The plan includes the current condition of the local road system, projected future conditions, lists projects local jurisdictions hope to construct over the next two decades and a look at how to pay for those projects.

The plan does not prioritize projects.

Short-term projects — expected to be constructed by 2015 — include, but are not limited to:

• Widening Government Way to five lanes between Dalton and Hanley avenues, $3.3 million;

• Widening shoulders, adding sidewalks and pathways on Hayden Avenue between Government Way and the east city limits, $1.5 million; and constructing a new three-lane connection to the proposed Ramsey Road connection (Reed Road between Warren K and Ramsey roads), $4.6 million.

Long-term projects to be constructed by 2030 include:

• Widening Interstate 90 to six lanes between Highway 41 and the Washington state line, $51.5 million;

• U.S. 95 Huetter bypass (new north-south freeway from I-90 to Highway 53) $400 million;

• Widening Greensferry to five lanes between 16th and Prairie avenues, $4 million; and

• Constructing a new three-lane rural major collector segment to Highway 53 (Main Street from Coeur d’Alene Street to Highway 53), no estimate available.

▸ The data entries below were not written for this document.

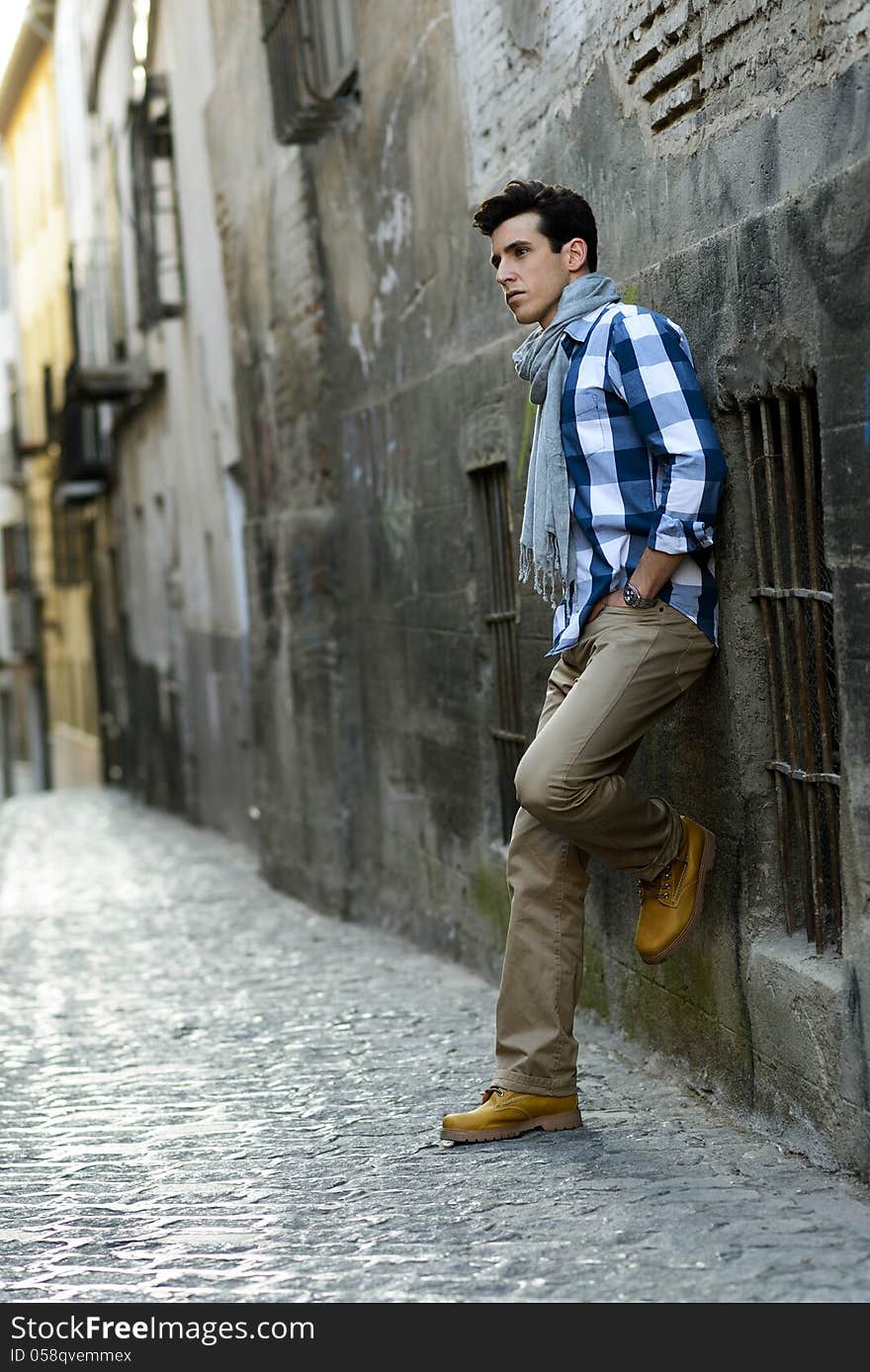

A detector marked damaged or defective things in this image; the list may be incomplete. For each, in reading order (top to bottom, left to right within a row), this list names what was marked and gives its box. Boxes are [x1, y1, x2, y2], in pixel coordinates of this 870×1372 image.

rusty metal bar [790, 391, 839, 949]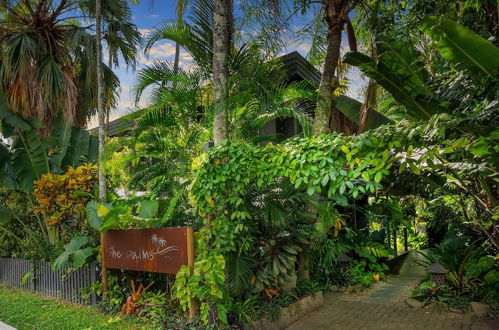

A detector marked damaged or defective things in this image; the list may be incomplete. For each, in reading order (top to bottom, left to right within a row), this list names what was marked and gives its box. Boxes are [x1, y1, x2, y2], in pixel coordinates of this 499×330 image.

rusted metal sign [101, 227, 193, 274]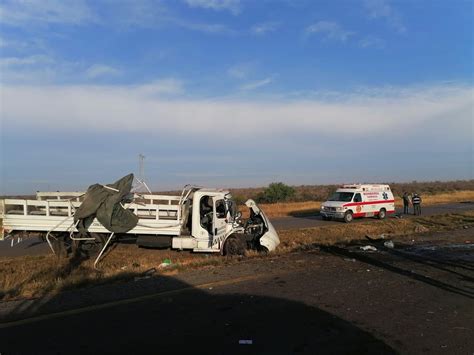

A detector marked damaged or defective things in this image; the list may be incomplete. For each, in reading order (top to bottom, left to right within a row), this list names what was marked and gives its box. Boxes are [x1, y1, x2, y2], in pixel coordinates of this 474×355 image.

wrecked white truck [0, 175, 280, 268]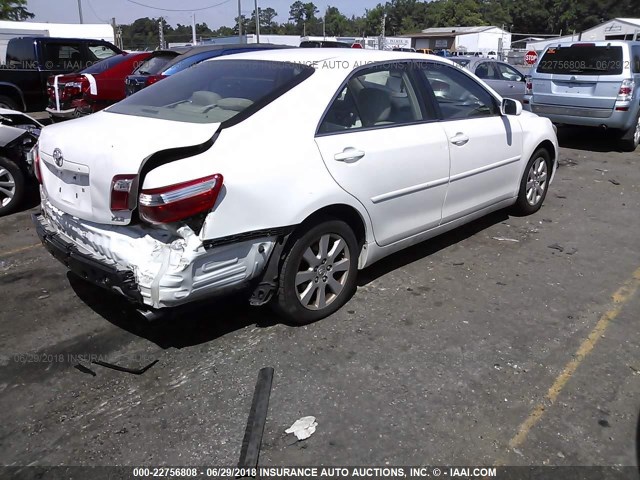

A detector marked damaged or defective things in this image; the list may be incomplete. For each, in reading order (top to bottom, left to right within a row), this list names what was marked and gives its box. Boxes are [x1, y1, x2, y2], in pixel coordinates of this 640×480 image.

broken tail light lens [616, 79, 632, 101]
broken tail light lens [110, 172, 137, 210]
broken tail light lens [139, 173, 224, 224]
exposed wheel well [296, 202, 364, 248]
crumpled bumper cover [33, 214, 143, 304]
damaged rear bumper [33, 200, 278, 310]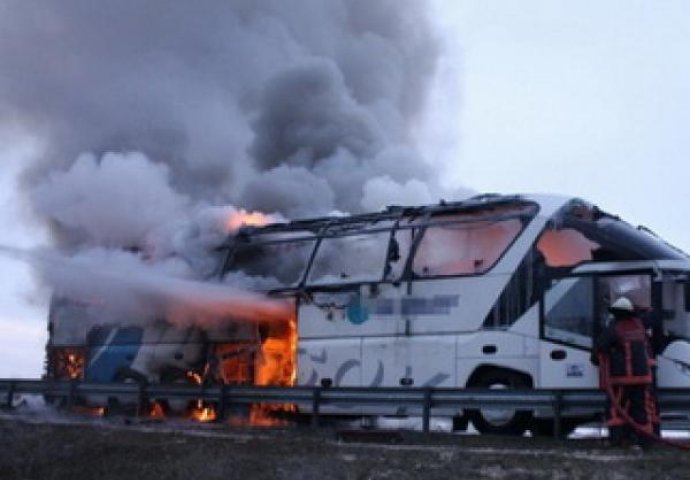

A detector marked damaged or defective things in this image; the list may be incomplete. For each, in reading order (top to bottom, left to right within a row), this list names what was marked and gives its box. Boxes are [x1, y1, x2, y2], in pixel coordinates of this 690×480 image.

broken window [408, 218, 520, 278]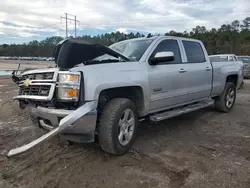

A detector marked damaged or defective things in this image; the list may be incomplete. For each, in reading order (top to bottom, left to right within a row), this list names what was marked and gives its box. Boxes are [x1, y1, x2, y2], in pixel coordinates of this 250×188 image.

crumpled front bumper [7, 101, 97, 157]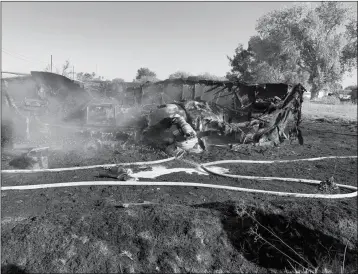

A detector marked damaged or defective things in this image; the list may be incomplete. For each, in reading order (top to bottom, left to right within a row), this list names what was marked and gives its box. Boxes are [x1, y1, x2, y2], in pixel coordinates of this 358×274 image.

charred wreckage [1, 72, 306, 163]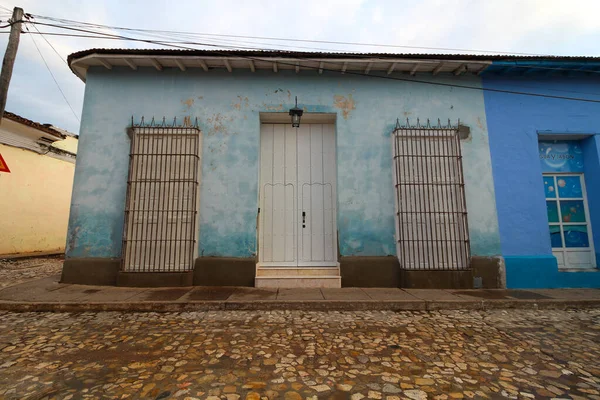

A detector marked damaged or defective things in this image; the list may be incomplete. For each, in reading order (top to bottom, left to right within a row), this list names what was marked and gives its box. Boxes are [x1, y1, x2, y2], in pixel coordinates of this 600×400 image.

peeling paint wall [68, 68, 502, 260]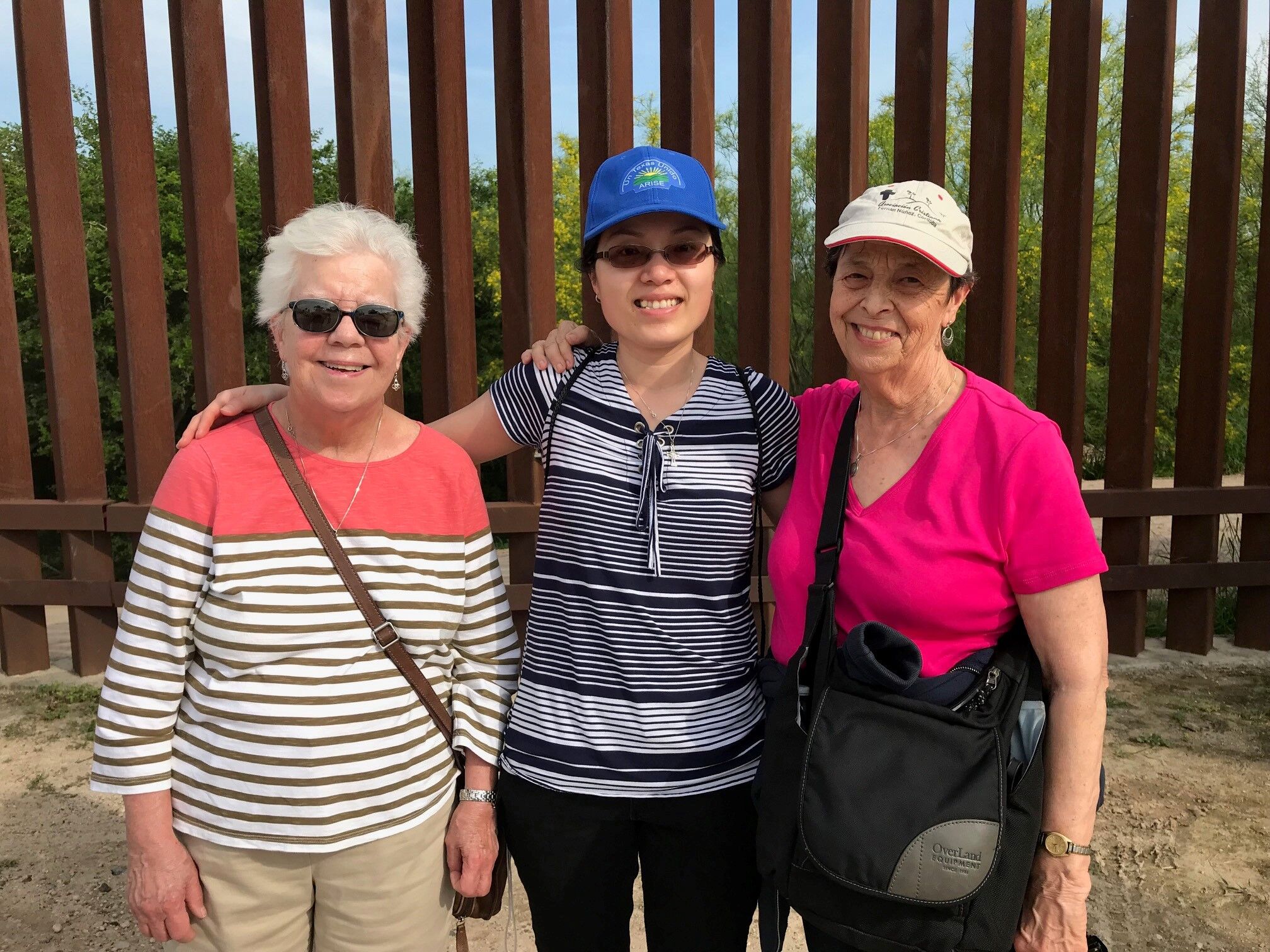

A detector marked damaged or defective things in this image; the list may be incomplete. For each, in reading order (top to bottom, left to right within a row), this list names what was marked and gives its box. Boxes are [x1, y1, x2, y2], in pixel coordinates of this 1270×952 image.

rusty brown barrier [2, 0, 1270, 675]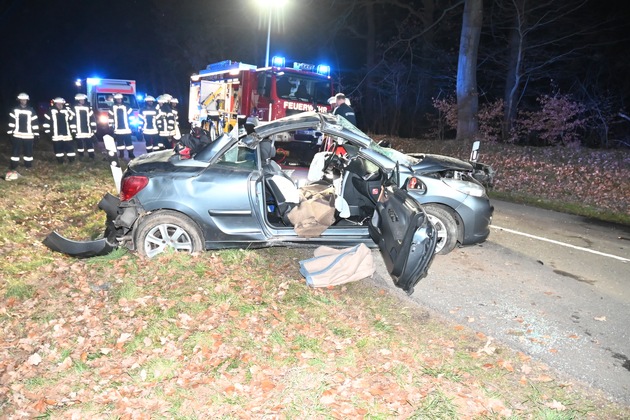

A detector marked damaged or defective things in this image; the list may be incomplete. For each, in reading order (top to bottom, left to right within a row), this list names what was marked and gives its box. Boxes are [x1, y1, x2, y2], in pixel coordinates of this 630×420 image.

crumpled car hood [408, 153, 472, 174]
detached car bumper [42, 194, 124, 260]
severely damaged car [47, 113, 440, 294]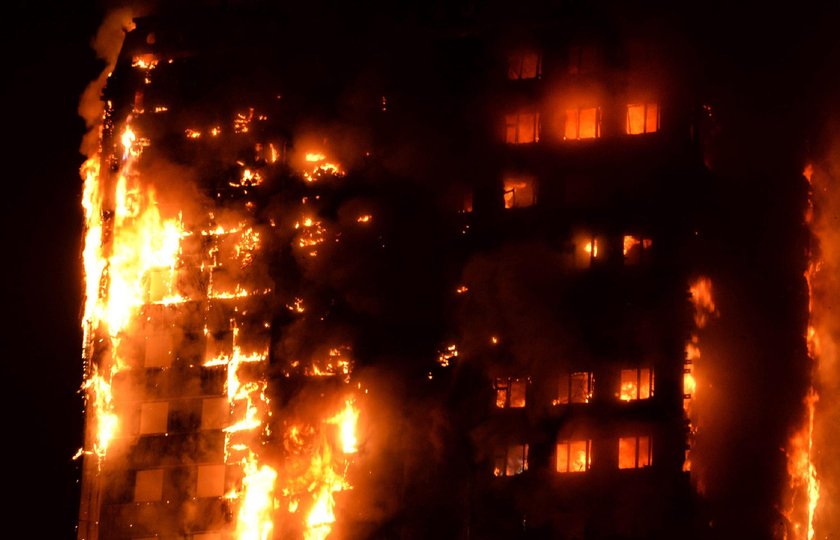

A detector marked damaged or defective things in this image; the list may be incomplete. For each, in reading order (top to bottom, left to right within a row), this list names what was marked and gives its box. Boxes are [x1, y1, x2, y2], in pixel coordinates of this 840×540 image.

broken window [508, 51, 540, 79]
broken window [506, 111, 540, 143]
broken window [564, 106, 596, 140]
broken window [628, 103, 660, 134]
broken window [502, 178, 536, 210]
broken window [624, 234, 656, 266]
charred facade [77, 5, 708, 540]
broken window [496, 378, 528, 408]
broken window [556, 374, 592, 402]
broken window [620, 368, 652, 400]
broken window [139, 400, 169, 434]
broken window [201, 396, 230, 430]
broken window [496, 446, 528, 474]
broken window [556, 438, 592, 472]
broken window [620, 434, 652, 468]
broken window [135, 468, 164, 502]
broken window [194, 464, 225, 498]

As for funding, Lehman said the plan is “fiscally constrained,” meaning that while projects included don’t necesarrily have to be funded already, there is the understanding that they can reasonably anticipate being funded by either 2015 or 2030.

She said just because they’re included in the plan doesn’t mean all of the projects will get built within 20 years.

“As we’ve seen, economies go down the tubes, projects get shifted and priorities change, so these lists could change when the (plan) is updated again in four years,” Lehman said.

The plan can be downloaded at www.kmpo.net. Hard copies can be picked up at 221 W. First Ave., Suite 310, Spokane.

Comments, which must be received by Nov. 7, can also be submitted to kmpo@kmpo.net or mailed to the Kootenai Metropolitan Planning Organization, 221 W. First Ave., Suite 310, Spokane 99201.

KMPO will then consider any changes based on the comments for final approval.